**What is expected:** Exact transcription, pictures omitted: reproduce the listing below.
Start of Block
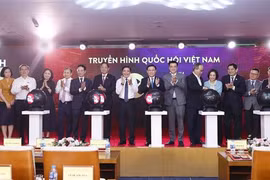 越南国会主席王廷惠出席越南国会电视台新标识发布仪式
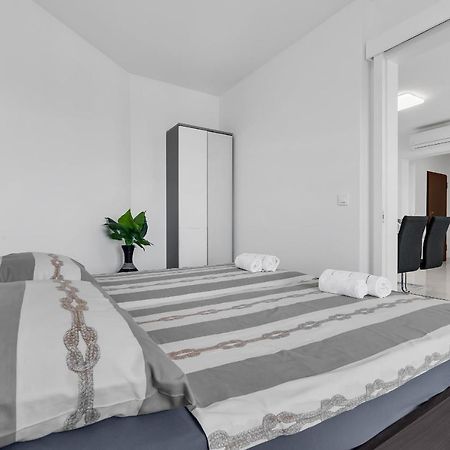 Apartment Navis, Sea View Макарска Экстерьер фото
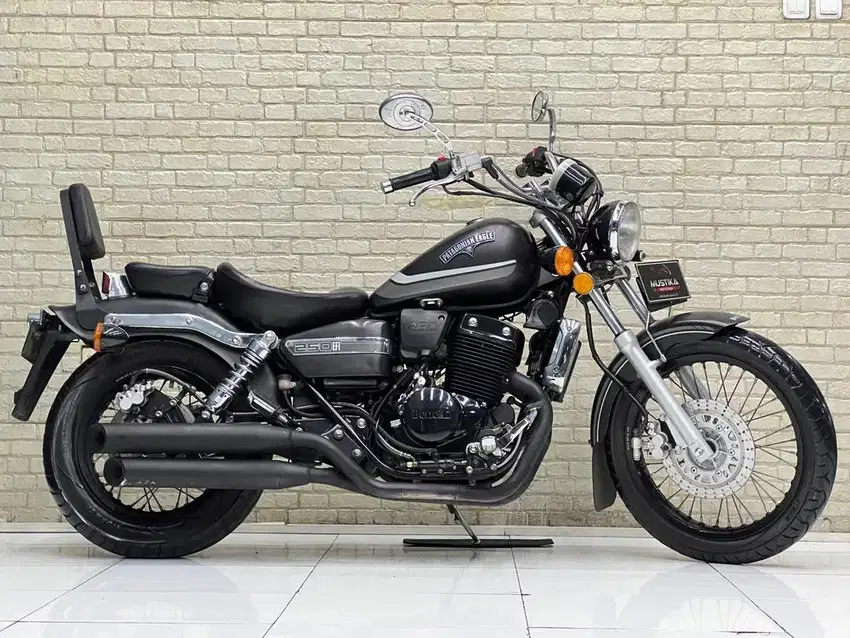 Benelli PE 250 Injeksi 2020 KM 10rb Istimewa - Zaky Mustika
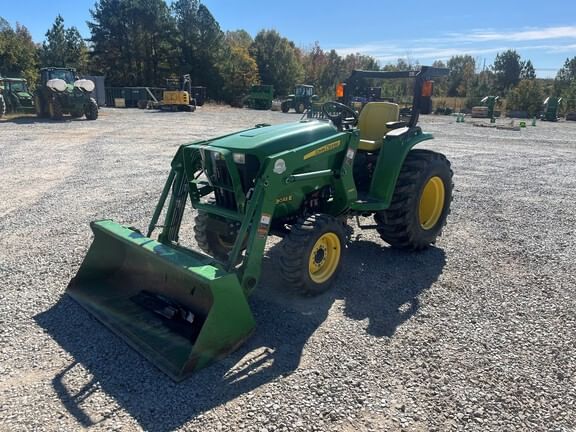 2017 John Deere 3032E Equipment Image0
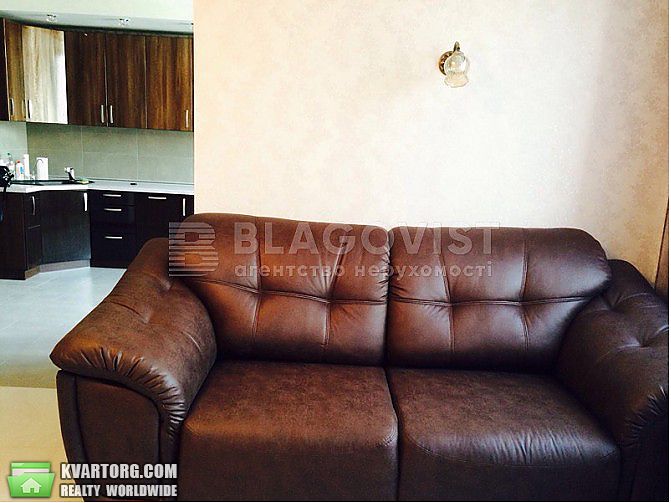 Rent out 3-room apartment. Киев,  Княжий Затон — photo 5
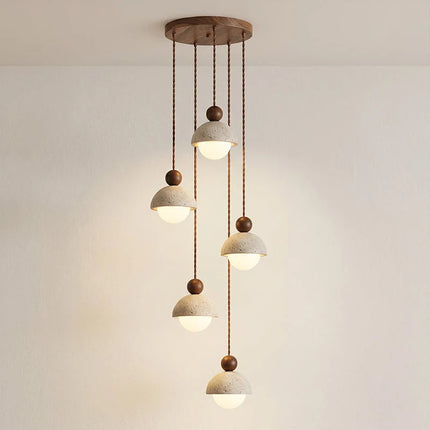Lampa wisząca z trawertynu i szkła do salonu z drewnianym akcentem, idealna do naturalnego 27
End of Block
**Result:**
 越南国会主席王廷惠出席越南国会电视台新标识发布仪式
 Apartment Navis, Sea View Макарска Экстерьер фото
 Benelli PE 250 Injeksi 2020 KM 10rb Istimewa - Zaky Mustika
 2017 John Deere 3032E Equipment Image0
 Rent out 3-room apartment. Киев,  Княжий Затон — photo 5
Lampa wisząca z trawertynu i szkła do salonu z drewnianym akcentem, idealna do naturalnego 27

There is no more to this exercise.